Jacopo Buzzanca is the responsible CDMO business & project management of Fine Chemicals division of Angelini Pharma S.p.A. He brings an extensive hand-on lab and kilo-lab experience in process chemistry research & development of small molecules APIs and HPAPIs with tens of exclusive custom synthesis projects successfully achieved on behalf of pharmaceutical and biotech industry. As drug substance chemical development expert, he is currently engaging and serving to chemical development programs and technology transfer in/out of small molecule APIs and HPAPIs to support business of Angelini Pharma Brand and its pharmaceutical customers.
Martin Axon is Senior Principal Occupational Hygienist for SafeBridge and is a Chartered Fellow of the Faculty of Occupational Hygiene; he has degrees in Industrial Chemistry and Environmental Pollution Science. He spent the majority of his 35-year career in the pharmaceutical industry and has worked in both primary and secondary production environments at facilities in the UK, the USA and the Bahamas. During mid-career, Martin was a Course Director, for several years, responsible for a postgraduate program in Occupational Hygiene, Health and Safety, at London South Bank University. Martin joined SafeBridge Europe in 2005 and has, for the past 17 years, focused exclusively on the safe handling of potent pharmaceuticals supporting clients in Europe and the UK. Martin is a senior assessor for the SafeBridge Potent Compound Safety Certification Program.
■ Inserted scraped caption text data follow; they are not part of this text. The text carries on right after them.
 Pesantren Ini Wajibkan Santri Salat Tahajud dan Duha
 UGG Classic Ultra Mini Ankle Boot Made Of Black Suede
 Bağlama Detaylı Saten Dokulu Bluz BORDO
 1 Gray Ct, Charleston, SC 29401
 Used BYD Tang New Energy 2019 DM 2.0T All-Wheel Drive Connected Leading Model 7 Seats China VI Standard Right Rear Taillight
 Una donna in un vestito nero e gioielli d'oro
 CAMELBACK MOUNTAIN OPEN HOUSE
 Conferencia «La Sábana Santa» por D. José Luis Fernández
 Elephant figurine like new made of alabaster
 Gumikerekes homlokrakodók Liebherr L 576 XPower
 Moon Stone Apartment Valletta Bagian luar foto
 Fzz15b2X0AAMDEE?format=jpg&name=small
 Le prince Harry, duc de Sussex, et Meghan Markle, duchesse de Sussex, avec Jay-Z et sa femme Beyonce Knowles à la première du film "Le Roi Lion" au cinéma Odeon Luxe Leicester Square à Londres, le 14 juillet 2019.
After graduating from Strasbourg University of Pharmacy, France, Jerome spent thirteen years as European Director of Business Development in Catalent, before moving to Penn Pharma as Senior Director New Business development in 2012. Here, he was part of the Executive Team who built the potent Contained Manufacturing Facility (CMF), which won the ISPE Facility of the Year award for Facility Integration (2014). In 2014, PCI acquired Penn Pharma and Jerome continue to act as Senior Director of New Business development to support the growth of PCI High Potent site in Tredegar, Wales, UK. In his current role, Jerome promotes to Customers the PCI Services offering (CDMO) for the development and manufacturing of High Potent solid oral, oral liquid and semi-solid products for clinical trials and/or commercialization.